A photo that stands out in DeLuca’s mind for a different reason is one he took in Los Angeles during the 1992 riots that followed the beating by police officers of Rodney King and the subsequent beating of Reginald Denny by rioters.

“I was riding with a reporter and didn’t feel comfortable about getting out, so I rolled the window down and was shooting a crowd of looters from the car. I was just scanning with my camera, taking pictures of the crowd. Then, through my viewfinder, I saw a guy standing there with an axe, and I saw him see me. He came at us, screaming, ‘Don’t take my picture,’ but we were stuck in traffic. The reporter was repeatedly inching forward then backward to try to get some room so he could cut out. Just as the guy got to my window, the reporter got enough room to gas it, jump the curb and get out of there. By that time, though, a crowd had gathered around us, and people were throwing things at our car. We hauled across a parking lot and got out of there. When we were finally in a place that was safe to stop, the reporter looked at me and said, ‘You know, maybe we should shoot something other than looting photos while we’re here.’”


DeLuca said it was surreal to see U.S. Highway 59 in Houston transformed into a river by Hurricane Harvey. After taking the exit for Interstate 610 South, DeLuca and his colleague were stopped in their tracks by a lake of water covering the roadway ahead. He saw rescue crews in boats and on Jet Skis and considered riding along with a rescuer to photograph evacuees being loaded into boats to flee their flooded homes.

“I saw a boat pulling up, and there was a mom in the group cradling her baby in her arms,” he said. “At that point, I wasn’t sure what was going to happen, but I knew there could be an opportunity, and I had to get ready.”

The boat pulled as close to the dry part of the street as possible, then Houston SWAT officer Daryl Hudeck disembarked and carried Catherine Pham and her son, 13-month-old Aidan, while Pham’s husband carefully transported an armload of supplies, including bottles of the baby’s formula.

DeLuca was still working in Houston the following day when the photo was published and went viral. DeLuca’s phone and The Dallas Morning News’ phone lines were buzzing as news organizations and other interested entities called for permission to use the photo. It has been featured on websites and in newspapers throughout the country and seen by people around the world.

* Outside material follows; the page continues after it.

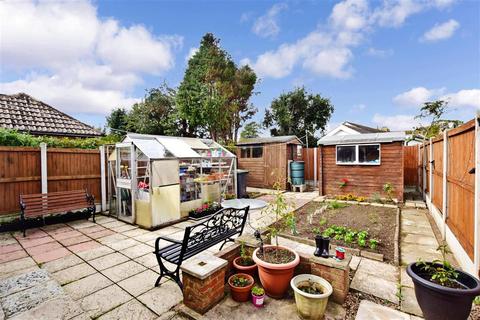 14 Catherine Way, Broadstairs, CT10 1BW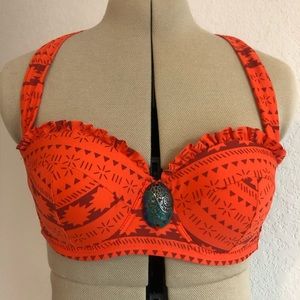 Hot Topic Moana Swim Top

“I certainly understand the power of the still image to move people,” he said, “and I’m just thankful to have taken one that so many have responded to positively. Every week, stories of hate and conflict make the news. Despite the unimaginable destruction in Houston, people pulled together to help each other, regardless of race or anything else.”

As DeLuca walks through the building that houses the 132-year-old Dallas Morning News, things are not as noisy as they once were. The staff has been downsized, and the remaining staff members are preparing to move to a smaller building that will more closely match their numbers and will feature a digitally focused newsroom to meet the needs of the future. The facility they leave is known as the “rock of truth” because of the massive three-stories-tall tablet above the building’s front door inscribed with a quote from the newspaper’s founder to which journalists have aspired:

“Build the news upon the rock of truth and righteousness. Conduct it always upon the lines of fairness and integrity. Acknowledge the right of the people to get from the newspaper both sides of every important question.”

After almost 40 years as a professional photographer, DeLuca — the baseball guy — is not sad that the photo for which he may ultimately be best known illustrates a city he once called home during a moment of despair.

“To me, it shows that, even in the midst of this horrible circumstance, there was a quiet strength. It’s just a guy with strong arms helping a lady who’s cradling her little baby, who is just peacefully sleeping. And for me, personally, it speaks to having faith and becomes a metaphor for what God does for all of us. It shows that there was a light of hope in the midst of this storm, and hope resonates with us all.”